This weekend, I was assigned the task of traveling to Barcelona on May 5 to interview the band and watch them on the current leg of their WorldWired tour. As good a time as any to break out the shorts and give my withered legs their first taste of vitamin D since 2018.

Over the years, I’ve watched Metallica perform in theatres, ice rinks, arenas and vast fields, both at home and overseas. But in a stadium? Never, not unless you count their appearance at the Freddie Mercury Tribute Concert for AIDS Awareness at the old Wembley Stadium in 1992. But that was on television.

Tonight’s show will be held at Estadi Olímpic Lluís Companys, a stadium set in a park on Montjuïc, a hill overlooking the gigantic port of Barcelona.
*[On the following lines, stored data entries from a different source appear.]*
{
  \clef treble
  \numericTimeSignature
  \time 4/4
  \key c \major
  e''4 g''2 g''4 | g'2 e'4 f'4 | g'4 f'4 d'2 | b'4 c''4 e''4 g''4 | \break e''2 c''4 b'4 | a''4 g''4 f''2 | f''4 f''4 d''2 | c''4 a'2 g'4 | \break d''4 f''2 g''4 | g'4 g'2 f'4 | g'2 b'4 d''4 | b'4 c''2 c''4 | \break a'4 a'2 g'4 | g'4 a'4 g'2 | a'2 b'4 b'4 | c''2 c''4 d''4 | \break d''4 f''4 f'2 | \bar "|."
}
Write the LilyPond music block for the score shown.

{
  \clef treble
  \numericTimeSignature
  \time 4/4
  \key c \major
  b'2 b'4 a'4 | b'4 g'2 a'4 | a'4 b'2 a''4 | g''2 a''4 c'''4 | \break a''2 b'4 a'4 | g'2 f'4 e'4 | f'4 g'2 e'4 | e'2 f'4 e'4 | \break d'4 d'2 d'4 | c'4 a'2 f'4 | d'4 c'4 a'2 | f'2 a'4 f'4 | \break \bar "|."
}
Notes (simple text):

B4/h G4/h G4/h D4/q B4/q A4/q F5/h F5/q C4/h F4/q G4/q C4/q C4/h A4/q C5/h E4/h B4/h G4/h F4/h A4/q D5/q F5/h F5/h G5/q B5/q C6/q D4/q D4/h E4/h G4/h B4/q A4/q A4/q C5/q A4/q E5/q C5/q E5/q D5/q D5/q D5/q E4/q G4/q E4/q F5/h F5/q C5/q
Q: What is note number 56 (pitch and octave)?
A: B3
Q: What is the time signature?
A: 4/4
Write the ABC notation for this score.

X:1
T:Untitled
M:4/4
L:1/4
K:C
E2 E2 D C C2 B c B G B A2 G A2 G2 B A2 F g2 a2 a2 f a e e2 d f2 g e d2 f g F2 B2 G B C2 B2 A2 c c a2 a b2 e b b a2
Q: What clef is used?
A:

Such a beautiful horizon, like a jewel in the sun.

Originally built in 1927 and intended for the city’s International Exposition two years later, the stadium hosted the 1992 Olympics, athletics meetings, rugby, football and many large scale concerts, including Muse, Coldplay, Beyoncé, U2, The Rolling Stones, The Police, Bruce Springsteen and Bon Jovi.

Metallica themselves have performed in this very venue in 1991 on a bill featuring AC/DC and Tesla. Here, 28 years later, the band are back, very much on their own terms.

A team of road crew and construction workers have been working around the clock to assemble the stage, backed by five gigantic screens, giving fans in the furthest reaches of the 60,000 capacity venue a chance to get up close and personal with the four-piece.

Outside, there are myriad trucks provided by British company Transam, who’ve served the live music industry for over 40 years. Flight cases are everywhere – one marked ‘Huge Balls’, another ‘More Balls’ – housing guitars, basses, drum heads and pretty much anything you can think of.

Outside, many fans begin to assemble in the early hours of the afternoon. It’s a sea of black metal shirts, battle vests and flags from across the world: Union flags, Polish flags, Chilean flags, Argentinian flags and Catalan’s distinctive yellow and red striped flag, named the Senyera. More often than not, they’ve been enhanced with Metallica’s iconic logo, the ‘Scary Guy’ doodle and messages to the band.

Later that afternoon, the main entrance gates are opened and fans pile down the yellow-edged concrete steps into the main auditorium in order to get to an optimum viewpoint.

Deep in the stadium’s main grandstand, it’s a hive of activity. People dart around, armed with walkie talkies and finalise arrangements for this evening’s entertainment.

The band are whisked through the stadium’s perimeter gates in people carriers with blacked-out windows and are dropped off inside the building and are taken to their dressing rooms. Shortly after, they attend a meet and greet with fans who’ve opted for the top tier fan package, The ‘Dream No More’ Experience.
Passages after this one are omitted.